I am attempting a trifle later this week. I have never made one before. I do like a challenge but I’m feeling the pressure when there’s twelve adult tasters involved. Somehow in the Great Christmas Dinner plan (in my brother and sister-in-laws house) I was delegated the trifle. Not by the hosts who are of course wonderful to have us all. There was a person, who shall remain nameless, who volunteered to make one then subcontracted it out to me due to circumstances beyond their, or clearly my, control. I could have been making an Ottolenghi-like starter or wowed them similarly with some meat free delight that would cause all to gasp and renounce the turkey* but no, I’m making a trifle. Ah sure grand so, that’s that decided then. Or is it?
See that? Now that does nothing for me.
When I had it growing up, often courtesy of a very well meaning great aunt it was full of jelly, readymade custard, tinned fruit, soggy sponge and cooking sherry. So far, so 1980s. Younger me preferred to head straight for the selection box instead. My mother-in-law makes a fabulous one that her whole family leap on each year, but I’ve been put off the whole thing as a concept.
I had an idea though. I would go off piste with the recipe. Apparently this is controversial as there are hardcore Classic Edition trifle fans attending. But they are not making it; I am, so to that end I am making this Chocolate Trifle with Baileys and I have high hopes. (Also, I don’t even eat jelly except the Veggie Percys in M&S.)

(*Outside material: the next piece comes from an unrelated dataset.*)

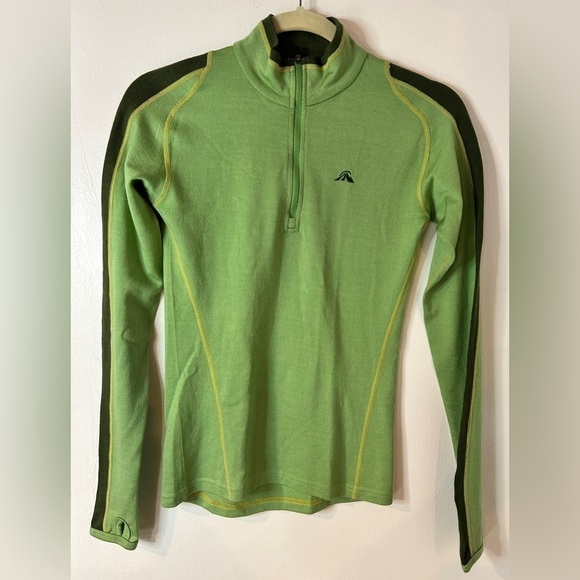Macpac Tops - Macpac 3/4 zip Women size8 Merino wool top.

What can go wrong? Look sure, I have a checklist done.
- Massive bowl. Borrowed: Tick.
- Making a chocolate loaf on thursday morning: Tick.
- Custard anxiety: I do not trust myself to make something with seven egg yolks that has the capacity to curdle. So I am going with ready made but Birds custard and other yellow sludgy monstrosities have been eschewed. Only the expensive posh creamy Madagascan vanilla stuff will do. Tesco and M&S stock same: Tick.
- Whole shebang getting assembled thursday evening: Tick.
- Massive bowl has a lid for car/lap transportation. Cream will be added at the final destination: Tick.
If the worst comes to worst? Who on earth is actually hungry for dessert on Christmas Day? Anyway there’s always most of a bottle of leftover Baileys to drink.
* It is twenty years, TWENTY this month since I did in fact renounce the turkey. I think it’s an anniversary worth mentioning.